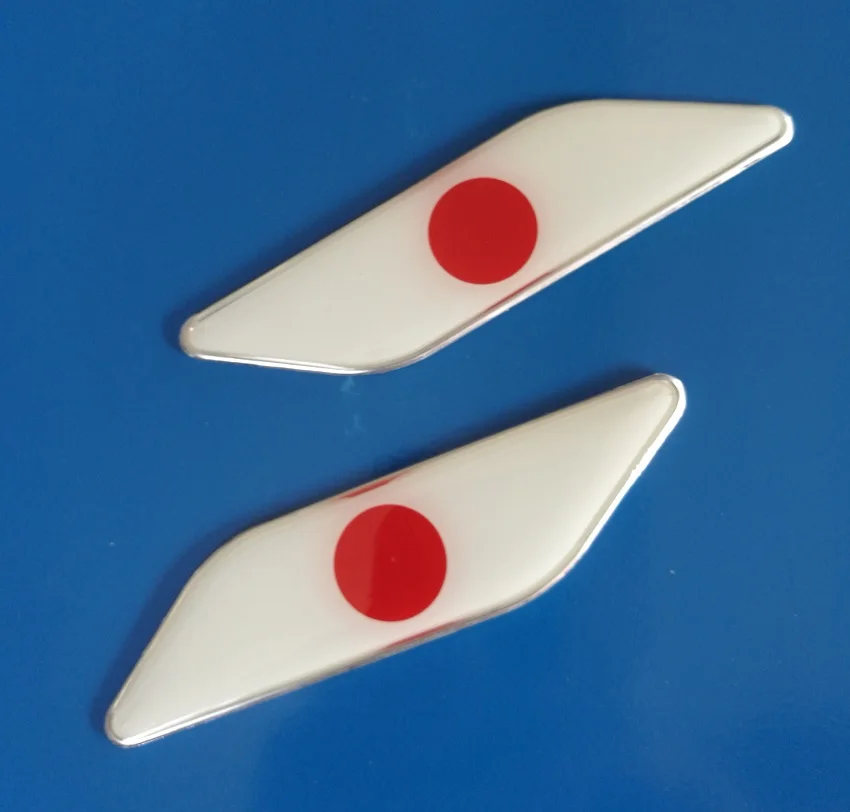 

2pcs/set Metal Japan JP Flag Car Side Fender Skirt Emblem Badge Sticker Decal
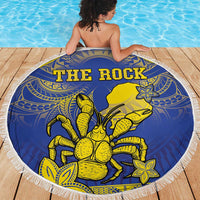 Niue The Rock Beach Blanket Niuean Crab Hiapo Pattern Blue Version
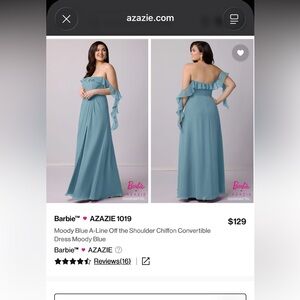 Barbie x Azazie Moody Blue Chiffon Bridesmaid Dress | Like New | Custom Fit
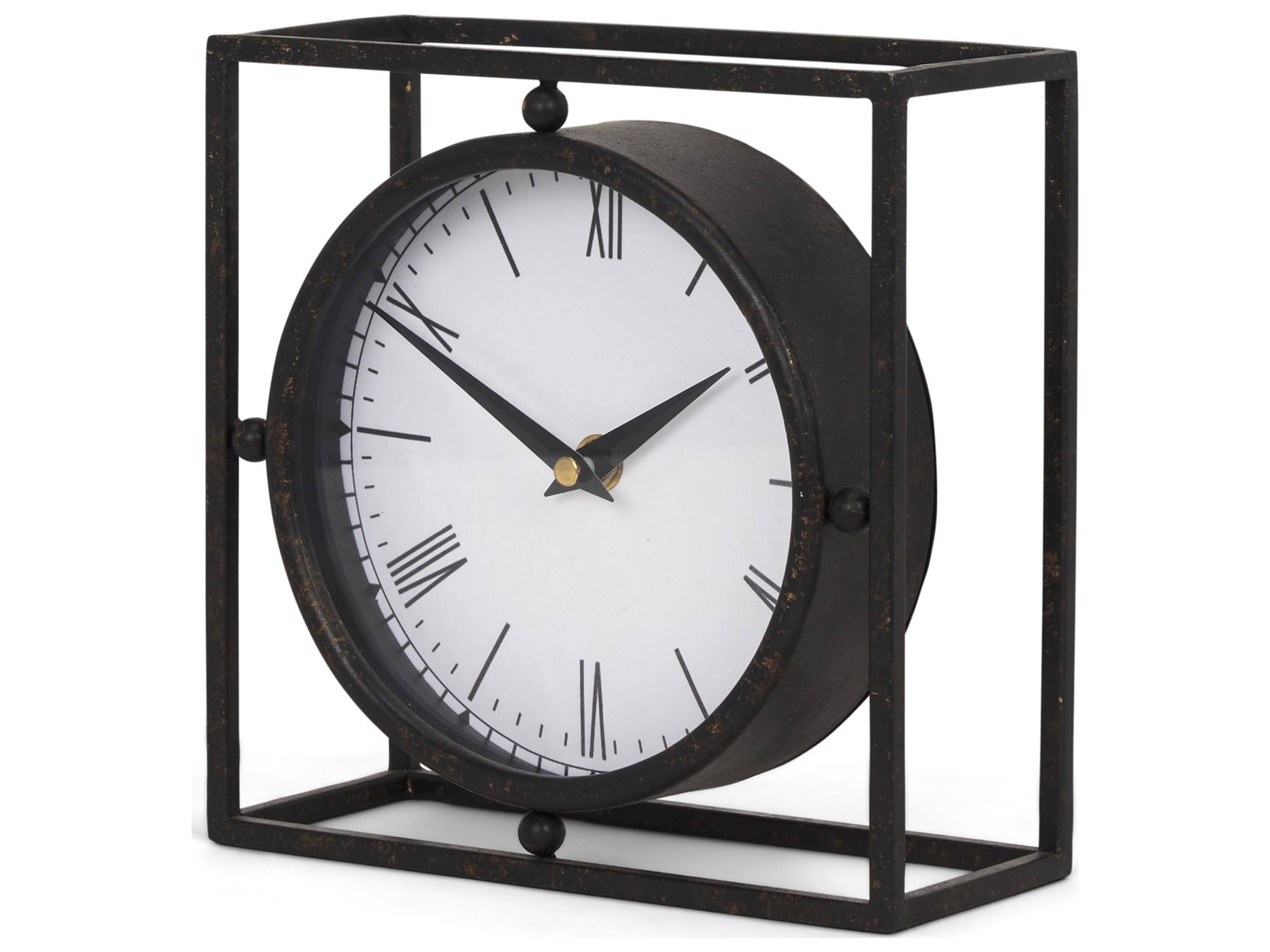 Mercana Raisa Black w/ Gold Antiquing Metal Table Clock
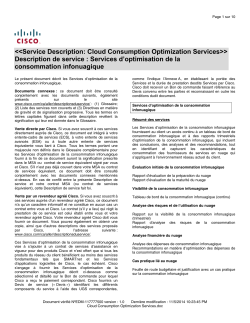 Cloud Consumption Optimization Services Services d optimisation de la consommation infonuagique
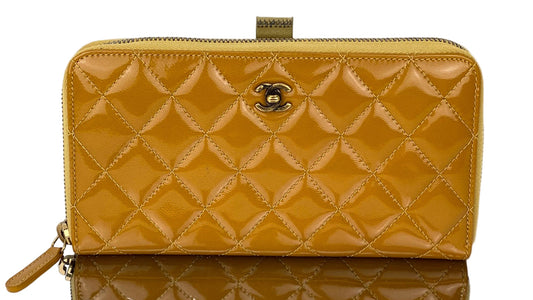 Chanel Quilted Yellow Patent Leather Brilliant Zip Around Wallet Clutch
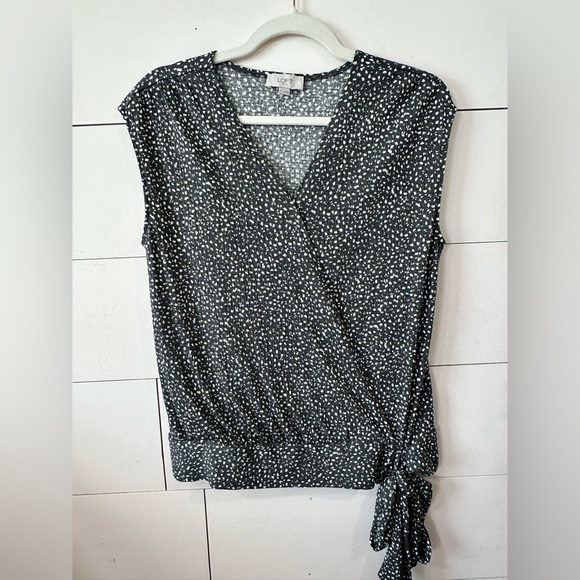 LOFT Tops - LOFT Black and White Dotted Wrap Blouse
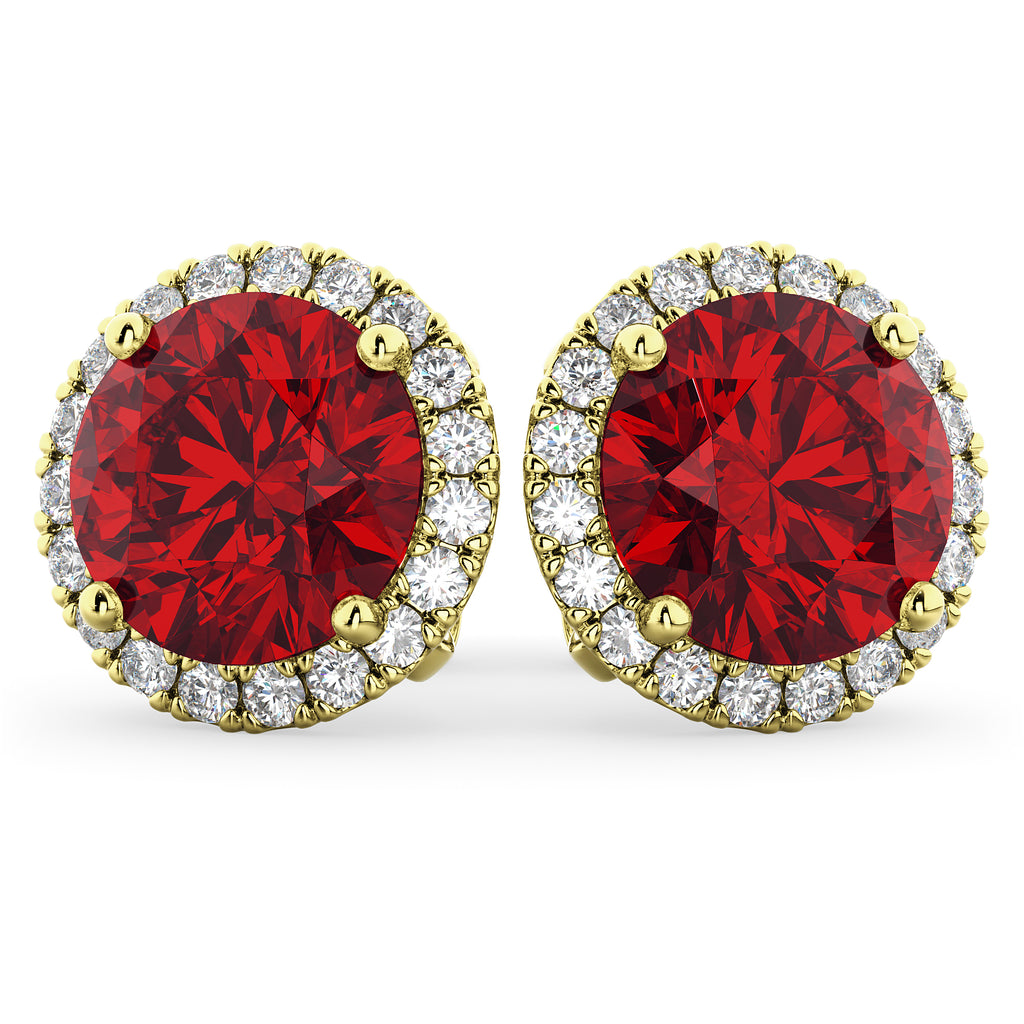 Halo Round Ruby & Diamond Earrings 14k Yellow Gold (5.17ct)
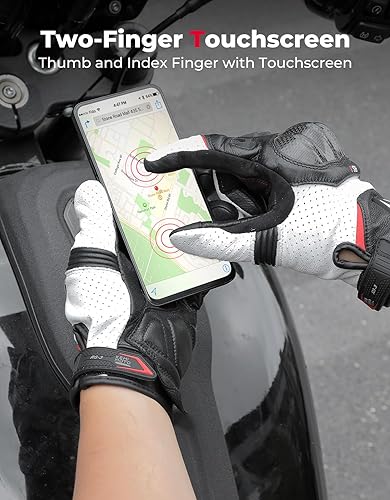 KEMIMOTO SHEEPSKIN LEATHER MOTORCYCLE GLOVES FOR MEN PROTECTIVE GLOVES FOR MOTOCROSS, DIRT BIKE, ATV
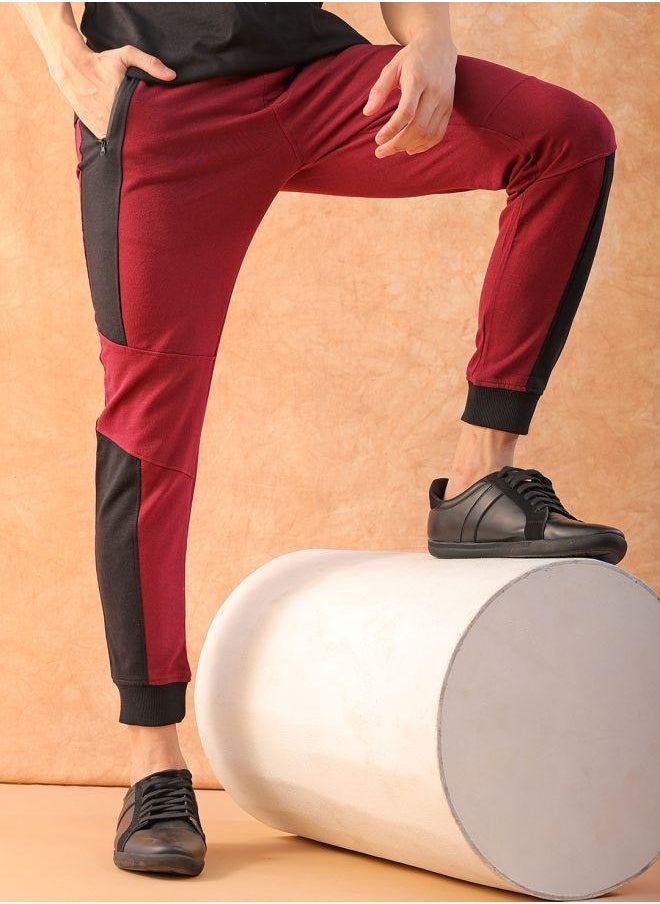 Men Slim Fit Solid Mid-Rise Stretchable Knitted Jogger Trousers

★ ★ ★ ★

= What you need to do =
Reproduce the records, all of them, word for word; omit the pictures.

= Output of the exercise =
2pcs/set Metal Japan JP Flag Car Side Fender Skirt Emblem Badge Sticker Decal
 Niue The Rock Beach Blanket Niuean Crab Hiapo Pattern Blue Version
 Barbie x Azazie Moody Blue Chiffon Bridesmaid Dress | Like New | Custom Fit
 Mercana Raisa Black w/ Gold Antiquing Metal Table Clock
 Cloud Consumption Optimization Services Services d optimisation de la consommation infonuagique
 Chanel Quilted Yellow Patent Leather Brilliant Zip Around Wallet Clutch
 LOFT Tops - LOFT Black and White Dotted Wrap Blouse
 Halo Round Ruby & Diamond Earrings 14k Yellow Gold (5.17ct)
 KEMIMOTO SHEEPSKIN LEATHER MOTORCYCLE GLOVES FOR MEN PROTECTIVE GLOVES FOR MOTOCROSS, DIRT BIKE, ATV
 Men Slim Fit Solid Mid-Rise Stretchable Knitted Jogger Trousers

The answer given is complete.